According to the Court, “the Federal Government provides supplemental income assistance to covered residents of Puerto Rico through a different benefits program — one that is funded in part by the Federal Government and in part by Puerto Rico.” Residents of Puerto Rico don’t pay most federal income, gift, estate, and excise taxes.

When Jose Luis Vaello Madero moved from New York to Puerto Rico he was no longer eligible to receive SSI. He claimed excluding Puerto Rican residents from SSI is unconstitutional.

In a very brief opinion written by Justice Kavanaugh, the Court disagreed, citing the “text of the Constitution, longstanding historical practice, and this Court’s precedents.”

Regarding the constitution’s text, the Territory Clause states that Congress may “make all needful Rules and Regulations respecting the Territory . . . belonging to the United States.” According to Justice Kavanaugh, “[t]he text of the Clause affords Congress broad authority to legislate with respect to the U.S. Territories.”

Regarding precedent, in Califano v. Torres (1978) the Court held that Congress’s refusal to extend SSI to Puerto Rico didn’t violate the constitutional right to interstate travel. In that case, the Court applied the “deferential” rational-basis test and explained that Congress had exempted Puerto Rician residents from federal taxes. Likewise, in Harris v.
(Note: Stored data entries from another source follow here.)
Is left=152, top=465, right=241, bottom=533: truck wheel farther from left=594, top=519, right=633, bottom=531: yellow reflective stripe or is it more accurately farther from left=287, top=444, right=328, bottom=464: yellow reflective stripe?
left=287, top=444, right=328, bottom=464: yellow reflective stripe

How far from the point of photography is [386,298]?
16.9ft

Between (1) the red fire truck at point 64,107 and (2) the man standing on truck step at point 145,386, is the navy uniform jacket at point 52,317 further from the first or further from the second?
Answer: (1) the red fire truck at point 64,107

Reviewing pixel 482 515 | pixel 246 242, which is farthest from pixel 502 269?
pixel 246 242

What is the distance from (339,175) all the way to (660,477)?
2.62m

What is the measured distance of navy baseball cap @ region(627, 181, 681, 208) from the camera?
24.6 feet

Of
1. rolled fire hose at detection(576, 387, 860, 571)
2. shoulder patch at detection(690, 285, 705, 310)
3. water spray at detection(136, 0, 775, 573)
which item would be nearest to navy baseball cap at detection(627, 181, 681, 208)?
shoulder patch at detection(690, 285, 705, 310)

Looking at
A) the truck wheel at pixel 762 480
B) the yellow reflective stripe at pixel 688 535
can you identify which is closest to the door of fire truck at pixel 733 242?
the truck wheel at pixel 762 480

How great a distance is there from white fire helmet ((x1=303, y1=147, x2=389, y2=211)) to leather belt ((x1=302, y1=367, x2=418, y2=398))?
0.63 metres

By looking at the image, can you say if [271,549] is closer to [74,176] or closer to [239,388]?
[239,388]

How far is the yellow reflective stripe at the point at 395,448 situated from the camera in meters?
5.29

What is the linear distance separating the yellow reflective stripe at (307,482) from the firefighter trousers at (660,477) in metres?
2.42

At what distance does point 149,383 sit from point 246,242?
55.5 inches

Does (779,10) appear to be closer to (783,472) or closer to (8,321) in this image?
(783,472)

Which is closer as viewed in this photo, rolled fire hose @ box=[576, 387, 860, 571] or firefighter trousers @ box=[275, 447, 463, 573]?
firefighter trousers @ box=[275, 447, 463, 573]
Rosario (1980) “the Court again ruled that Congress’s differential treatment of Puerto Rico in a federal benefits program did not violate the Constitution — this time, the equal-protection component of the Fifth Amendment’s Due Process Clause.”
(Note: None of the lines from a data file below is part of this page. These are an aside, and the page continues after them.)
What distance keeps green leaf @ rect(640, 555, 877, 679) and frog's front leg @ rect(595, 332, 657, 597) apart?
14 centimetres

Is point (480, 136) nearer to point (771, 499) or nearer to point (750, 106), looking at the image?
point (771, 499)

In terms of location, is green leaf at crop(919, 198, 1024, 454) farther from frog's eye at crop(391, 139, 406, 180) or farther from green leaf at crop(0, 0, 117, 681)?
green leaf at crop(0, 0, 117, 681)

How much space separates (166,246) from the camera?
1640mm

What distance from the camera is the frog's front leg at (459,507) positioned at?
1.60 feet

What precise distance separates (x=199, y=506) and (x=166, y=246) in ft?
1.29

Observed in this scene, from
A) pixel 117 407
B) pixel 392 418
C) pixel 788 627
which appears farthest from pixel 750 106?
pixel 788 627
According to the Court, the above two cases determine the result in this case and that the rational-basis test applies. “Puerto Rico’s tax status — in particular, the fact that residents of Puerto Rico are typically exempt from most federal income, gift, estate, and excise taxes — supplies a rational basis for likewise distinguishing residents of Puerto Rico from residents of the States for purposes of the Supplemental Security Income benefits program.”

Justice Sotomayor dissented alone, opining “there is no rational basis for Congress to treat needy citizens living anywhere in the United States so differently from others. To hold otherwise, as the Court does, is irrational and antithetical to the very nature of the SSI program and the equal protection of citizens guaranteed by the Constitution.”